**INSTRUCTIONS TO FOLLOW**
Among the lines of the listing below, retype exactly those from the one containing "So these are" through the one containing "The total of", both included. Do not include pictures.

**EXCERPTED DATA**
↓

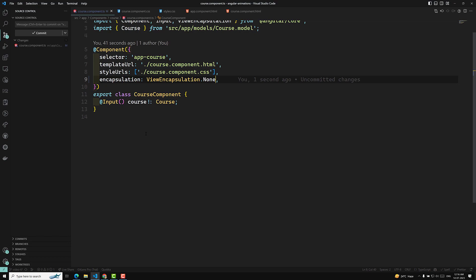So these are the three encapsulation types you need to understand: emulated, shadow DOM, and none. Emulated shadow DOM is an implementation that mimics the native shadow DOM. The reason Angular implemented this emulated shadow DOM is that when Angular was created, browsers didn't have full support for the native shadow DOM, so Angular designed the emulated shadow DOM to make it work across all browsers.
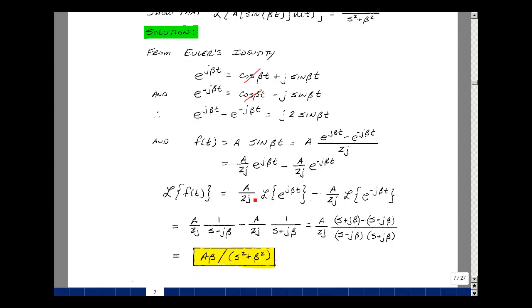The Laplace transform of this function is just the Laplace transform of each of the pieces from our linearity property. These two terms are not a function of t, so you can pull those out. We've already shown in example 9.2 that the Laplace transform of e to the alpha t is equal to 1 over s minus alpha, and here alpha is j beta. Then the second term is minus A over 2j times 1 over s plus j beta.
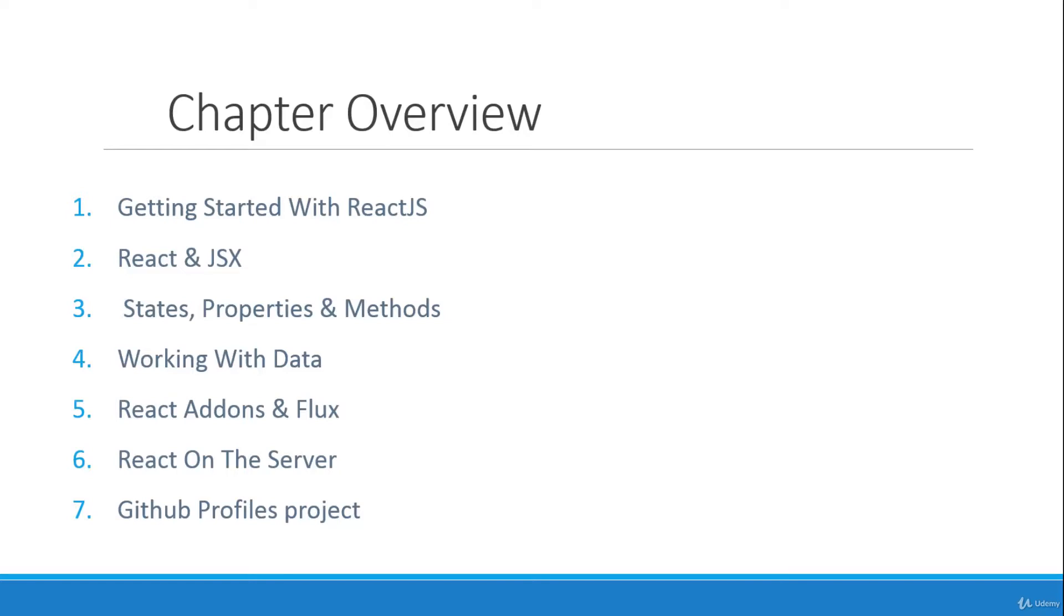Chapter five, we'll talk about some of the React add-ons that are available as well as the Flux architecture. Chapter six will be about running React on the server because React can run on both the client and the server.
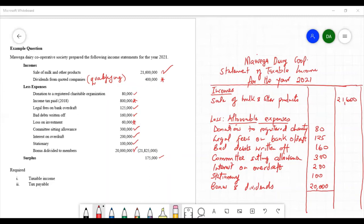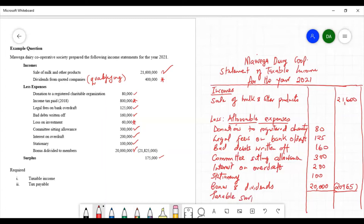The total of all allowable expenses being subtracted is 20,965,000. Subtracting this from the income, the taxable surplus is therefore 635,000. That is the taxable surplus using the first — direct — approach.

↑
↓

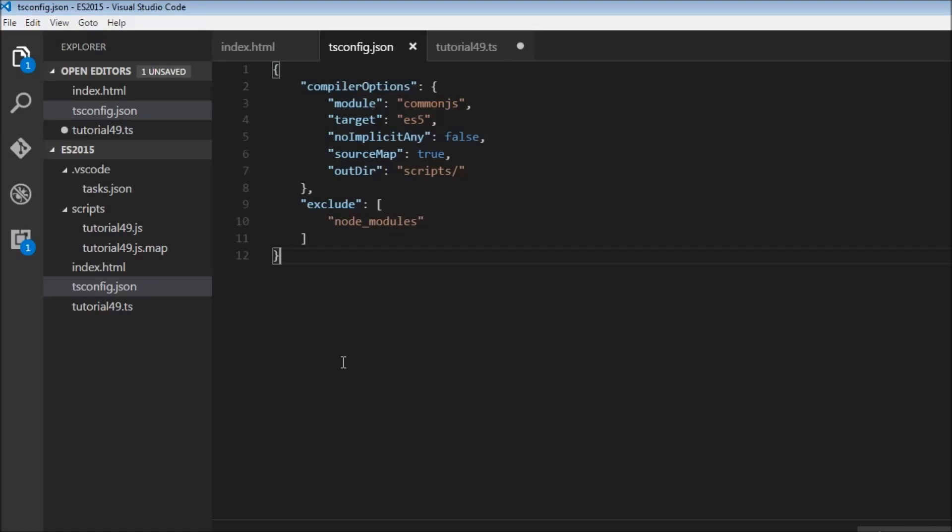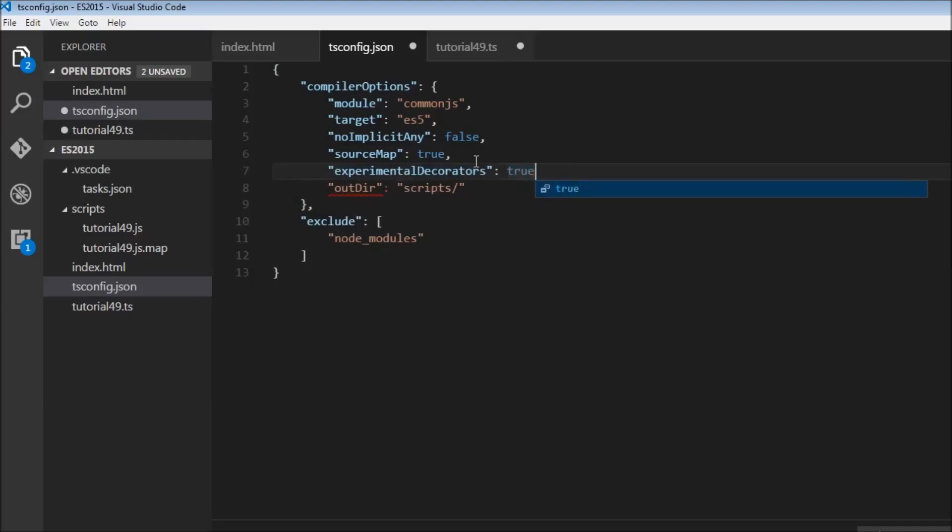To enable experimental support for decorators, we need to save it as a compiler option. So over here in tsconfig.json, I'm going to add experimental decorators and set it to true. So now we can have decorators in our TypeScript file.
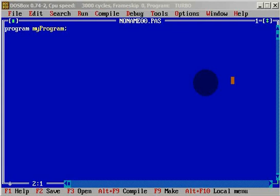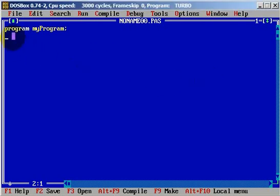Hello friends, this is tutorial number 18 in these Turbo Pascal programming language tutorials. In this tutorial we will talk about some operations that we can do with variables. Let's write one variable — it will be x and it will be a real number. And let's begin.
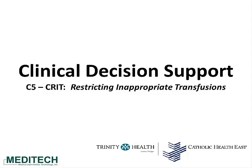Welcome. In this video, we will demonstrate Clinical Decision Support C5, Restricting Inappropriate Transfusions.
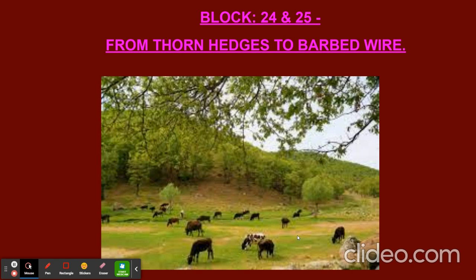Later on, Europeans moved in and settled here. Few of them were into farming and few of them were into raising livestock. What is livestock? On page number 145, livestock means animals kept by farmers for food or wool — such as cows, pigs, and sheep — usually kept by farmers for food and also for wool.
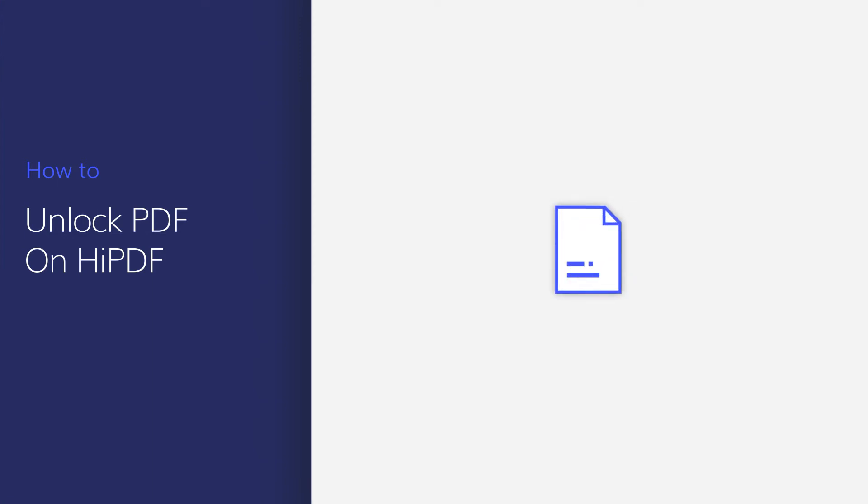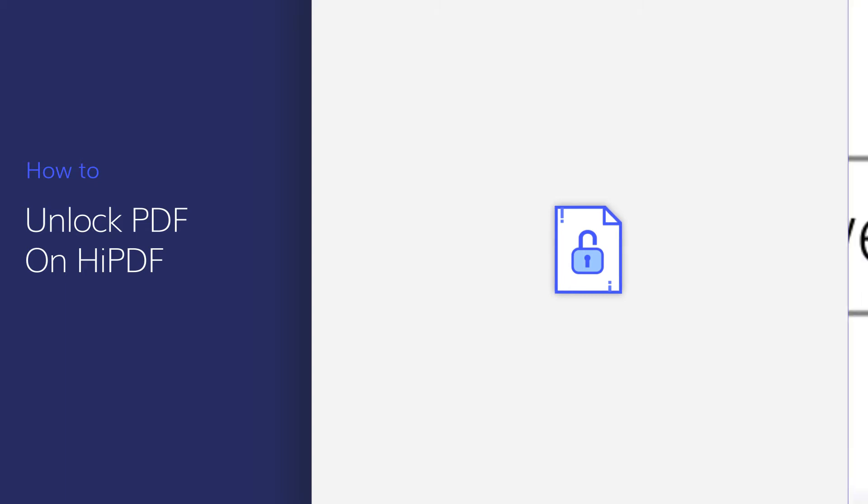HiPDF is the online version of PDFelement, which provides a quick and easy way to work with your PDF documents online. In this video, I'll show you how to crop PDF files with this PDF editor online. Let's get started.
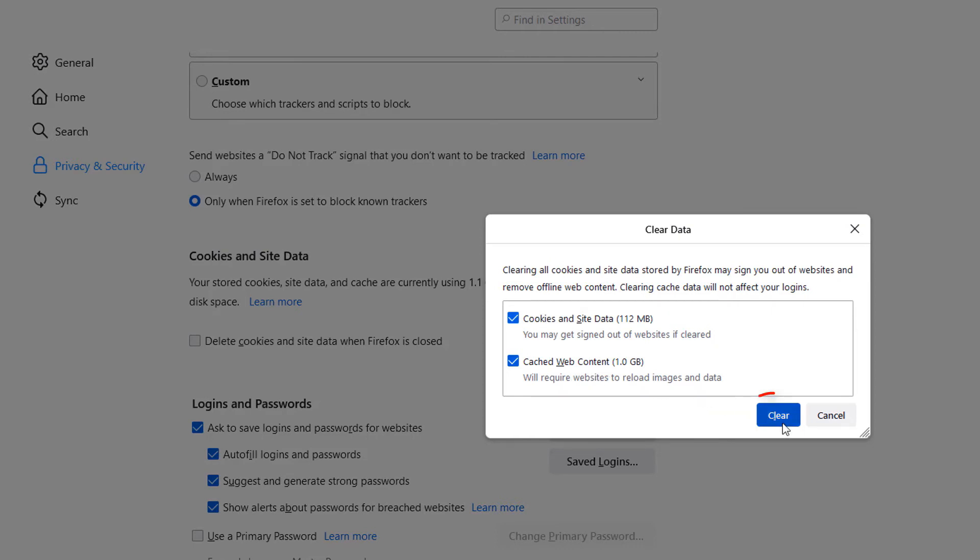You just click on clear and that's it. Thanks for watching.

↑

**SOLUTION FOR THIS EXERCISE**
So these are the three encapsulation types you need to understand: emulated, shadow DOM, and none. Emulated shadow DOM is an implementation that mimics the native shadow DOM. The reason Angular implemented this emulated shadow DOM is that when Angular was created, browsers didn't have full support for the native shadow DOM, so Angular designed the emulated shadow DOM to make it work across all browsers.
The Laplace transform of this function is just the Laplace transform of each of the pieces from our linearity property. These two terms are not a function of t, so you can pull those out. We've already shown in example 9.2 that the Laplace transform of e to the alpha t is equal to 1 over s minus alpha, and here alpha is j beta. Then the second term is minus A over 2j times 1 over s plus j beta.
Chapter five, we'll talk about some of the React add-ons that are available as well as the Flux architecture. Chapter six will be about running React on the server because React can run on both the client and the server.
The total of all allowable expenses being subtracted is 20,965,000. Subtracting this from the income, the taxable surplus is therefore 635,000. That is the taxable surplus using the first — direct — approach.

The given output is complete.